[gcp-dataproc] Dataproc open source component integration tests flakeyness - regional mirroring?

cjac commented 3 weeks ago

Checklist

[x] I added a descriptive title
[x] I searched open requests and couldn't find a duplicate

What is the idea?

Hello folks,

I've been maintaining the github.com/GoogleCloudDataproc/initialization-actions repository for a bit now, and I'm seeing some flakey tests. The tests are installing dask from conda.anaconda.org. Would we be able to avoid this by using a regional GCP mirror of the conda packages? How complex is it to maintain a mirror with CVE updates?

+ /opt/conda/default/bin/mamba create -m -n dask -y --no-channel-priority -c conda-forge -c nvidia 'cuda-version>=12,<=12.5' 'dask>=2024.5' dask-bigquery dask-ml dask-sql python=3.10
Download error (28) Timeout was reached [https://conda.anaconda.org/conda-forge/noarch/repodata.json.zst]
Failed to connect to conda.anaconda.org port 443 after 262119 ms: Couldn't connect to server

Why is this needed?

reduce load on the global mirrors and keep installer's resources locally to GCP

What should happen?

mirror with CVE updates created for each GCP region

Additional Context

Tests were run during work on this pull request.

https://github.com/GoogleCloudDataproc/initialization-actions/pull/1219

jakirkham commented 3 weeks ago

Both conda-forge and nvidia channels should be available by CDN via Cloudflare. Am curious why in this case it appears to be going to Anaconda.org directly?

cjac commented 3 weeks ago

It might just be as easy as specifying a mirror in the call to mamba/conda.
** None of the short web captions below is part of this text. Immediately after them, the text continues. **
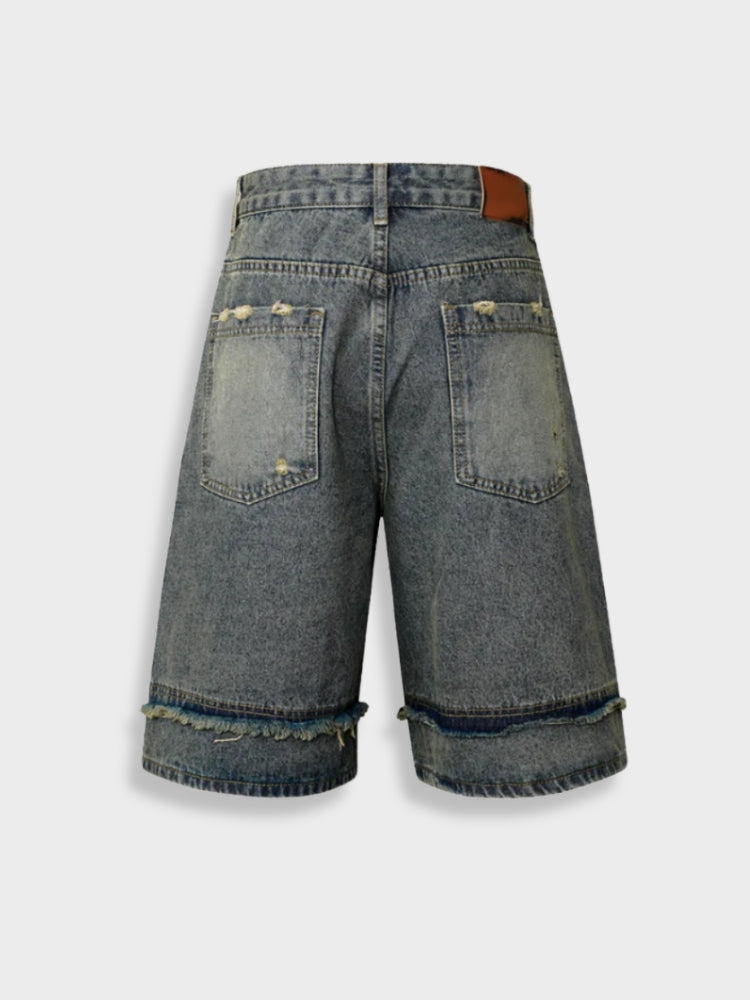 Distressed Embroidered Denim Jorts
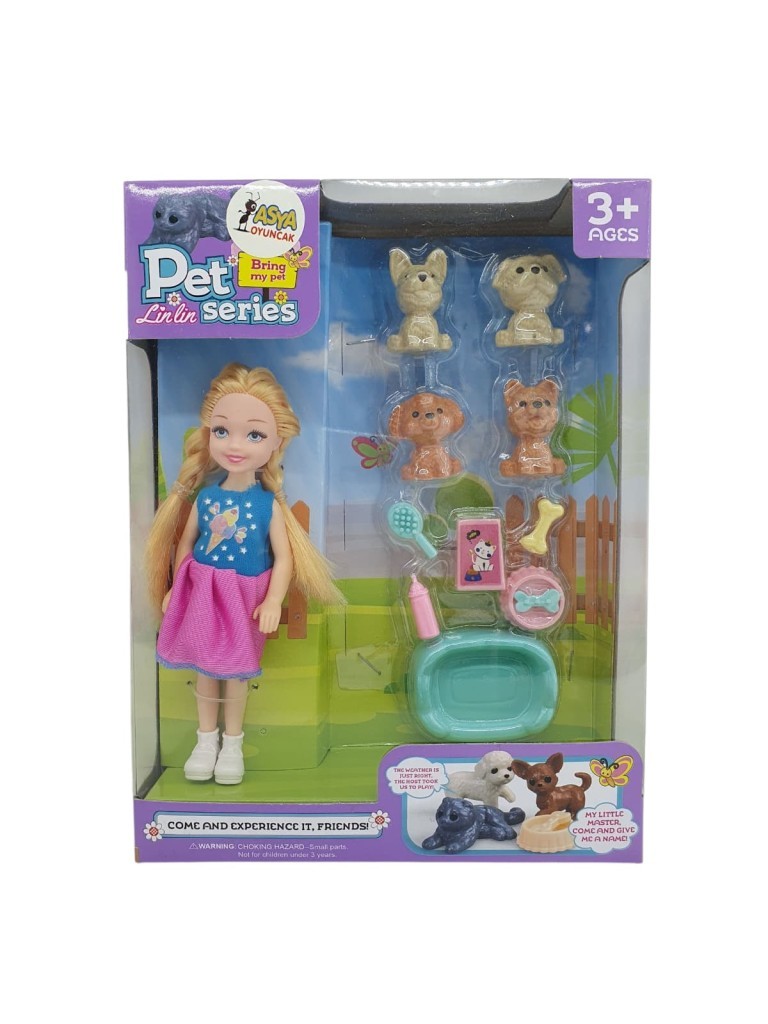 Pet Shop - Bebekli Köpek Bakım Seti - 7722-3 - Sarışın (Lisinya) Pet Shop - Bebekli Köpek Bakım Seti - 7722-3 - Sarışın (Lisinya)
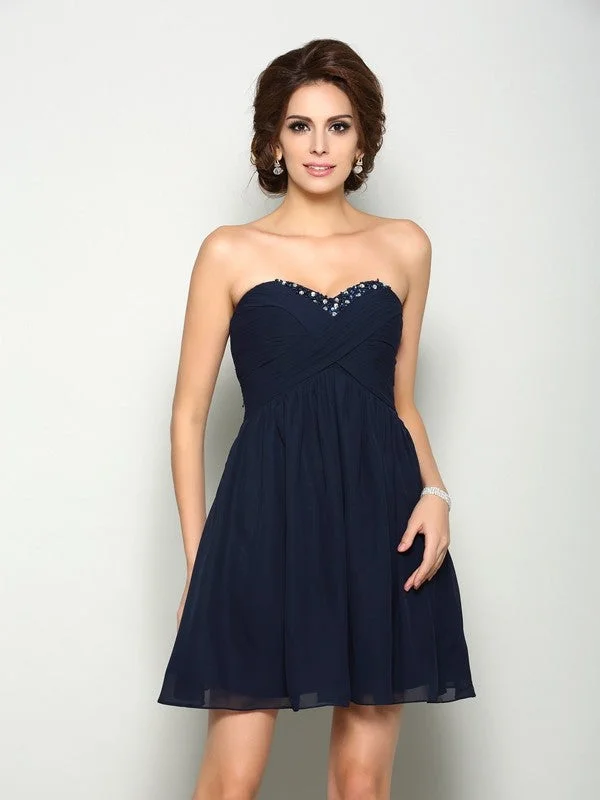 Midnight Madness A-Line/Princess Sweetheart Beading Sleeveless Short Chiffon Homecoming Dresses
https://github.com/cjac/initialization-actions/blob/rapids-20240806/rapids/rapids.sh#L473

On Fri, Oct 25, 2024, 18:21 jakirkham @.***> wrote:

Both conda-forge and nvidia channels should be available by CDN via Cloudflare. Am curious why in this case it appears to be going to Anaconda.org directly?
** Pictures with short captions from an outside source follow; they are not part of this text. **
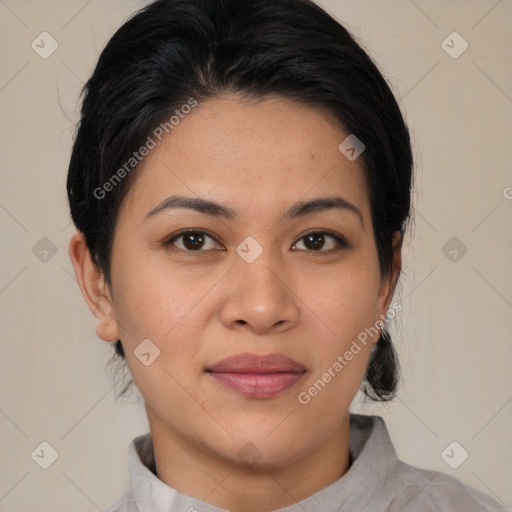 Joyful asian young-adult female with medium  black hair and brown eyes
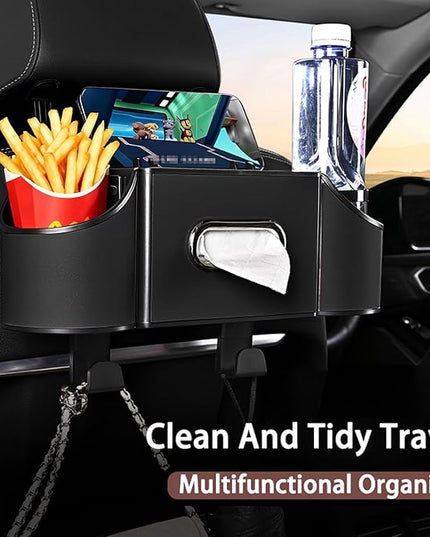 Back Seat Car Organizer,4 in 1 Multifunctional Car Back Seat Storage Box with Drink Cup Holder Tissue Box, for Hold Phone,Snacks, Drinks, Handbag-Black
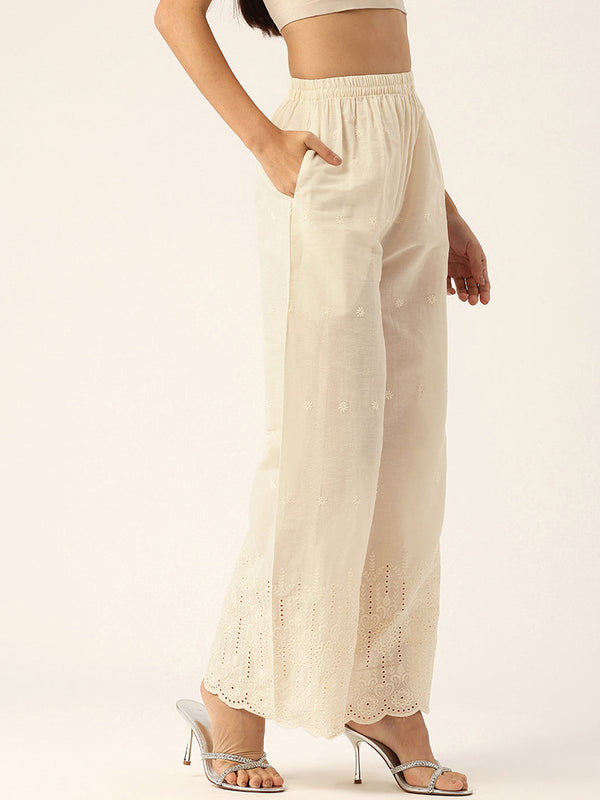 Beige Palazzos | Embroidered Elegnace With Elastic Waist & Single Pocket
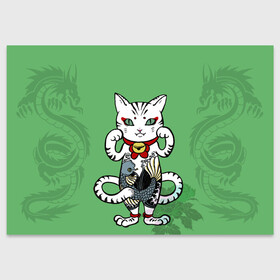 Поздравительная открытка с принтом ЯПОНСКИЙ КОТ | JAPANESE CAT (Z в Ухте, 100% бумага | плотность бумаги 280 г/м2, матовая, на обратной стороне линовка и место для марки
 | Тематика изображения на принте: japan | асихара но накацукуни | государство япония | ниппон | нихон | ооясимагуни | страна восходящего солнца | традиции | традиция | япония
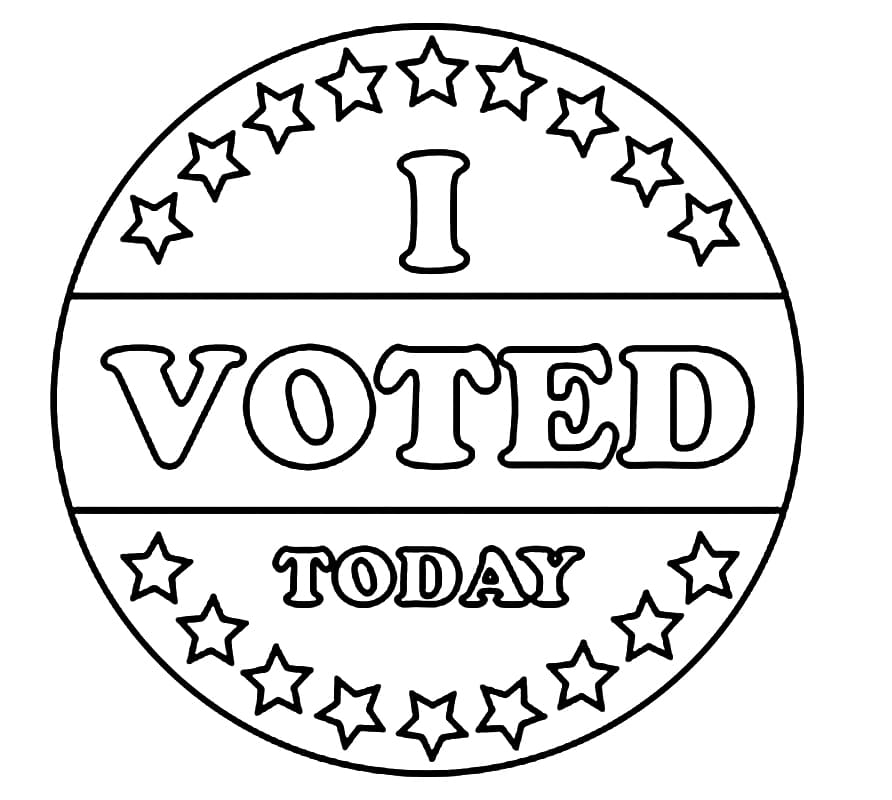 Election Day I Voted Today coloring page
— Reply to this email directly, view it on GitHub https://github.com/conda/infrastructure/issues/1051#issuecomment-2439157981, or unsubscribe https://github.com/notifications/unsubscribe-auth/AAAM6UTHO24G2ENVNSJG24DZ5LVAFAVCNFSM6AAAAABQUDV4B6VHI2DSMVQWIX3LMV43OSLTON2WKQ3PNVWWK3TUHMZDIMZZGE2TOOJYGE . You are receiving this because you authored the thread.Message ID: @.***>

jakirkham commented 3 weeks ago

What I mean is this should already be happening by default. For example note the last line in the output below

$ curl -I https://conda.anaconda.org/conda-forge 
HTTP/2 302 
date: Sat, 26 Oct 2024 01:49:17 GMT
content-type: text/html; charset=utf-8
location: https://anaconda.org/conda-forge/repo?type=conda&label=main
…
server: cloudflare

The fact that the query above is not getting through suggests there is some other kind of network issue. Not sure if that is somewhere within CI or some other infrastructure between that build and the CDN (like some security protocol?)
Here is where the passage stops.